Отслеживаем, Лозняк, и куда как лучше, чем ты думаешь. И те два раза вестника с конюшни посылала я, общалась с родными. Сидя здесь, в углу, окутанная приятным ароматом свежего сена, с солнечными лучами и танцующими пылинками, я болтала с братьями, вспоминала детские проказы. Ничего опасного. Ничего, что могло бы повредить Ковену. Просто мне хотелось немного тайны, немного личного. Мне хотелось всего того, что так сложно получить в Ковене.
— Я хочу, чтобы мой сын жил! Свободным! Счастливым! Грядет война, — она сломалась. — Твой сюзерен не сможет защитить нас!
— Дура, — в отчаянии стонет Лозняк. — Какая же ты дура, жена моя. Имя.
— Я не знаю. Я, правда, не знаю! Не смотри на меня так! — она всхлипнула. — В ту ночь я была в Дин-Эйрине, ты привел в дом эту девку, а я не могла, не могла это выслушивать!

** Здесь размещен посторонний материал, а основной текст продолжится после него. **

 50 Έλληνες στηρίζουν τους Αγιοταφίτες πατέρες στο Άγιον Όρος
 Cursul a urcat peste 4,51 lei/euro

Я сидела в трактире, пила чай, Квинт должен был забрать меня утром, у него были дела. Ко мне подсел мужчина, довольно приятной внешности. Мы были близки, наступило утро, он убрал все следы нашей страсти, с шеи, с губ. И я забыла о нем. Было и было. Стало легче, немного.
— Изумительно, — цедит боец. — Дальше?
— Потом он начал присылать вестников, мы общались и однажды, я рассказал ему как мне страшно. Это было сразу после окончания Противостояния. И он сказал, что есть способ обезопасить моего сына.
— Нашего сына.
— Моего, я выносила его, родила, я люблю его и хочу, чтобы он жил. Ты же делаешь из него боевика, мясо, — она успокоилась и говорила тихо, уверено. — Убьешь меня?
— Не знаю, — он запускает пятерню в волосы. — Проклятые духи, женщина, ты хоть понимаешь, как ты подставила и меня и своего сына?! Ты не чужая Ковену, вся твоя семья, предки, уже две сотни лет под рукой Амлаута. Что же ты натворила? Как он обещал спасти его?
— В нужный момент артефакт покажет моего сына как одного из тех, кто придет его убивать. Его не тронут. Мне обещали.